Fleetwood Mac, Madison Square Garden, 1977. I was a seventeen, Fleetwood Mac was the biggest band on the planet at the time, and friends had an uncle in Manhattan whose floor we could camp out on after the big show. Okay, I’m in. I’m an introvert, so I don’t love crowds, and – MSG was pretty overwhelming for a kid from the sticks, but then the whole experience was a lot: the bus, the subway, the streets of midtown and the Upper West Side, near Columbia U. I saw more people in an hour that day than I usually encountered over the course of a month or possibly two months living in upstate, small-town America.

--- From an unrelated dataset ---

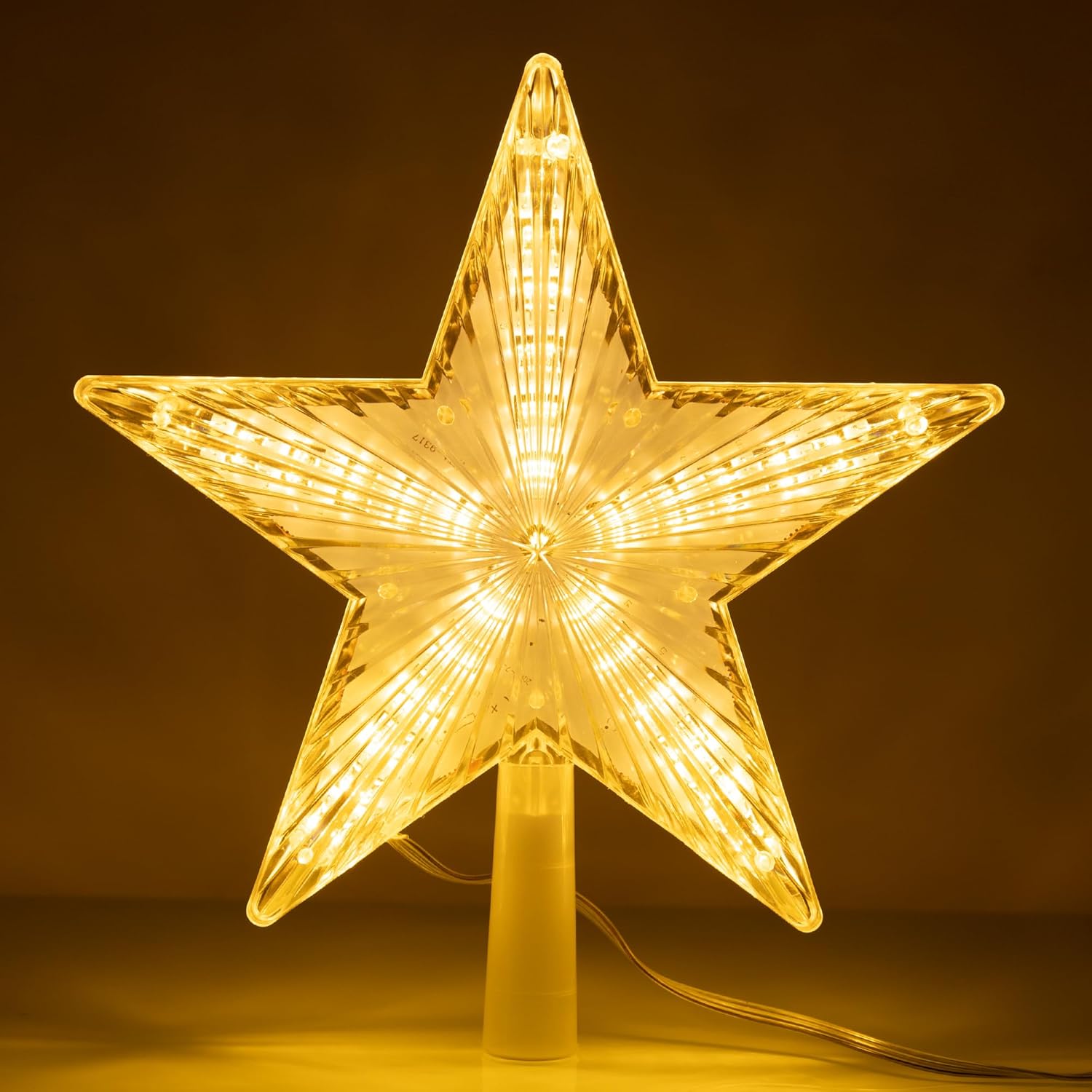 Gwiazda na szczyt choinki 15/1 – Star Tree Topper recenzja i cena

The city in the seventies was gritty and colorful, chaotic to my eyes. Midtown was home to numerous X-rated movie houses and peep shows I gaped at, subtly (Anal Angel?!! All-Male Revue?!!!). Wide bell bottoms and button-up print shirts for men and women in psychedelic paisleys and other patterns were the rage. And everyone had so much hair, except me; I have never had a lot. I was there very much as a follower, a watcher, a lost lamb being led by more experienced types, our new friends who’d once lived in Riverdale (wasn’t that where Archie lived? I didn’t want to make a fool of myself, so I didn’t ask), in the Bronx (where was that, exactly? again, I didn’t ask). They had moved to the Catskills after their parents divorced. Riverdale was too expensive, it was inferred, or perhaps I overheard my parents say, for a divorcee with three kids to raise, even one whose ex was a kind of big-wig – it was also inferred – who worked at Yale. He’d married again, and supporting two families is expensive, even I knew that, could figure that out. They were the first kids I knew whose parents had split up. How was that for them, other than hard? Again, I never asked.

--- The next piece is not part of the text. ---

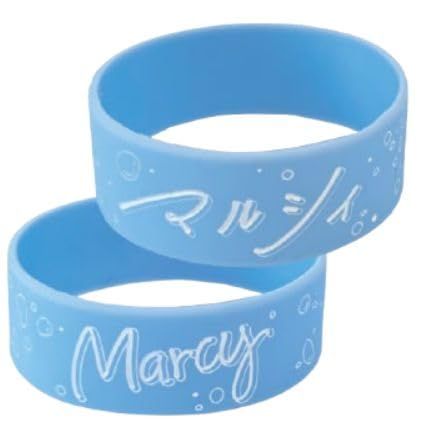 MARCY マルシィ 2024 夏フェス ラババン リストバンド ラバーバンド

It was the divorcee’s brother whose apartment we camped in; we’d done something similar with a politically ambitious local Pastor several years before, but I can’t remember what we did in the city with that guy. He’d left after losing his bid for a seat in congress, intent on trying again in another rural district, this time in Pennsylvania. Never liked him, an intellectual and spiritual bully, but he did, slightly, expand my world, I guess.
The concert was great, if overwhelming for me; so much noise and so many people crammed together in that space, singing along. I still love that album, Rumors, but I wasn’t just an introvert who didn’t know it, I was a real tight-ass. I spent the lead-up to the main event (was Kenny Loggins the warm-up?) with my knickers in a serious twist because the entire place was lighting up doobies, including several members of my own party! Horror upon horror! You’re smoking pot?! But but but – pot is illegal! This is wrong! And smoking of any kind is bad for you, harmful and terrible! Yet other than refusing to participate, lil lamb over thissaways kept her mouth shut because objecting would have been seriously uncool – even tight-assed me knew that, although objecting would also have been honest, because I was so, so deeply uncool.

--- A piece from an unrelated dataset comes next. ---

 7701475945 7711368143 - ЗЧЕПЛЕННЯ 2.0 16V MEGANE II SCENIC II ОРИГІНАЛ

I had just graduated from high school, and was as terrified of the future as I had ever been. I so wanted to get away from my annihilating mother, my suffocating family of origin, and – I was frightened by what was ahead. I didn’t have my parents’ support for my chosen major and career – theatre; they’d also extracted a promise from me that if they ‘let me’ major in theatre I would never ask them for money, or financial assistance, ever. I agreed, even though I had received a full academic scholarship to the university I attended, even though no such promise was extracted from my older sister, who received zero dollars toward her college education as a painting major. Would I be able to cobble together some kind of career? Some kind of life? Would I be okay? Was I okay?
The future loomed before me like a giant blank screen, just nothing, just – whatever I made up, created. I might have been a tight ass where pot was concerned, but I was drinking a lot. Ten days after the concert – and after I turned eighteen – one of my high school teachers sexually assaulted me. Six weeks after that yet another former teacher did the same. My supposed best friend had told me ‘you deserved it’ when teacher number one went for it, went for me; things were shifting so quickly I was unable to keep up, but I certainly kept up the happy high school graduate facade. I put on at least twenty pounds, protection, I thought, against more predatory men. Fat chance of that, honey.
Life isn’t just what we choose, it’s what happens to us regardless of choice, or intent. I was and remain a bit naïve, and, at times, a bit rigid in my thinking. Pot, which I did eventually indulge in, didn’t remove what ailed me, but music has always helped. These days, as background to my days, I play meditation music, singing bowls, chanting. Maybe one day I’ll listen to Fleetwood Mac and reminisce about the good old days; I do still own the album, but – were they so good?